The company's properties were as follows:
- Anadarko Basin - approximately 67% of proved reserves and production; 400,000 net acres in SCOOP and STACK plays; 88 e3BOE per day of production
- Arkoma Basin - 12% of proved reserves; 147,000 net acres; 16 e3BOE per day of production
- Uinta Basin - 13% of proved reserves; 217,000 net acres; 15 e3BOE per day of production
- Williston Basin - 10% of proved reserves; 82,000 net acres; 16 e3BOE per day of production
- South China Sea - 1% of proved reserves; 5 e3BOE per day of production

==History==
The company was founded in 1988 by the former chairman of Tenneco Oil Company, Joe B. Foster. Through investments by Charles Duncan, Jr., the University of Texas at Austin endowment funds and the founding employees, the company was capitalized with $9 million.

In 1990, Newfield purchased its first production property, Eugene Island Block 172 in the Gulf of Mexico. Production of Eugene Island 172 increased from 0.2 e6cuft/d to over 20 e6cuft/d by the end of the year.

In November 1993, Newfield became a public company via an initial public offering of 3.125 million shares of common stock. In 1999, the company acquired Gulf Australia Resources Limited, which had assets in the Timor Sea, offshore from northern Australia.

In 2000, the company acquired assets in south Texas for $142 million.

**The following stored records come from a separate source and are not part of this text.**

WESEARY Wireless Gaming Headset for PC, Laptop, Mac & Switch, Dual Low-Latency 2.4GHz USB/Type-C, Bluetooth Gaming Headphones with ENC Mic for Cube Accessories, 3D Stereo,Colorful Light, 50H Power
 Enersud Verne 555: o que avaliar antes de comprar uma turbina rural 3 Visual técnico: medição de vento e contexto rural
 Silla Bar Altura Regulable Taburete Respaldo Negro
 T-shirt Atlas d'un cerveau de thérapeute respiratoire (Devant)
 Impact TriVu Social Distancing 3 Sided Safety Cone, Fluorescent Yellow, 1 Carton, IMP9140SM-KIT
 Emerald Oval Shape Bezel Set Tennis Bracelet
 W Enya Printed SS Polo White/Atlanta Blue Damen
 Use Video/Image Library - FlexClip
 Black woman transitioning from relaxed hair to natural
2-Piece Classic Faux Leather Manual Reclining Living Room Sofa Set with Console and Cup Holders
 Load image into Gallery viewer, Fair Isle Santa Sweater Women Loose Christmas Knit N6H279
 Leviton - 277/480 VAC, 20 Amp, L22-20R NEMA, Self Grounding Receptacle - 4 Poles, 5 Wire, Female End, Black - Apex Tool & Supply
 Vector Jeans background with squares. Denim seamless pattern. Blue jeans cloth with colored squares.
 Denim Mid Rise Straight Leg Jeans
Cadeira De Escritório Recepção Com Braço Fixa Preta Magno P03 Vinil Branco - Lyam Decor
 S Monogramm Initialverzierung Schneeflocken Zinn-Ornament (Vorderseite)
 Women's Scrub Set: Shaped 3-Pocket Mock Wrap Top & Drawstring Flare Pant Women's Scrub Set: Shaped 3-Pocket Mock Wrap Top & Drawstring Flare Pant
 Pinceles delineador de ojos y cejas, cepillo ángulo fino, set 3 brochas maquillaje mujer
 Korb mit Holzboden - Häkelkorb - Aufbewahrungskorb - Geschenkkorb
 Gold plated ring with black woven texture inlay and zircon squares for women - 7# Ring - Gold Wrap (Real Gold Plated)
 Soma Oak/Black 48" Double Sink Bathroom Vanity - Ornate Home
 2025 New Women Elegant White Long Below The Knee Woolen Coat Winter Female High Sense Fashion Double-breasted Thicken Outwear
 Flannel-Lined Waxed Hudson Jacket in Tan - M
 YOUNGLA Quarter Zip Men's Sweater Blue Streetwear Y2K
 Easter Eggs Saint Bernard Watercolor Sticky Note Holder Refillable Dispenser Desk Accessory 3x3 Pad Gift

In 2001, it acquired Lariat Petroleum in a $333 million transaction, establishing a new focus area in the Anadarko Basin of Oklahoma. In 2002, it acquired EEX Corporation and its asset base in South Texas in a $640 million transaction.

In 2004, Newfield began operations in the Rocky Mountains with the acquisition of Inland Resources.

In 2005, Newfield explored the South China Sea in a partnership with CNOOC.

In 2007, Newfield announced the $575 million acquisition of exploration and development areas in the Rocky Mountains from Stone Energy. In 2007, the company sold its assets in the North Sea for $486.4 million.

In 2009, along with Hess Corporation, the company leased land in Pennsylvania in the Marcellus Formation, but the company pulled out of those leases in 2013.

In 2012, the company sold its remaining assets in the Gulf of Mexico to W&T Offshore. In 2014, it sold its assets in Malaysia to SapuraKencana Petroleum Berhad for $896 million.

In 2016, the company acquired 42,000 acres in the STACK formation of the Anadarko Basin from Chesapeake Energy for $470 million and sold its assets in Texas for $390 million.

In February 2019, the company was acquired by Encana.

==Controversies==
===Environmental record===
In early 2012, Newfield discovered potential violations of the Clean Water Act relating to possible unpermitted discharges of fill materials into certain wetlands and drainages in the Uinta Basin. In 2015, the company resolved these issues with the Environmental Protection Agency and paid a fine of $175,000.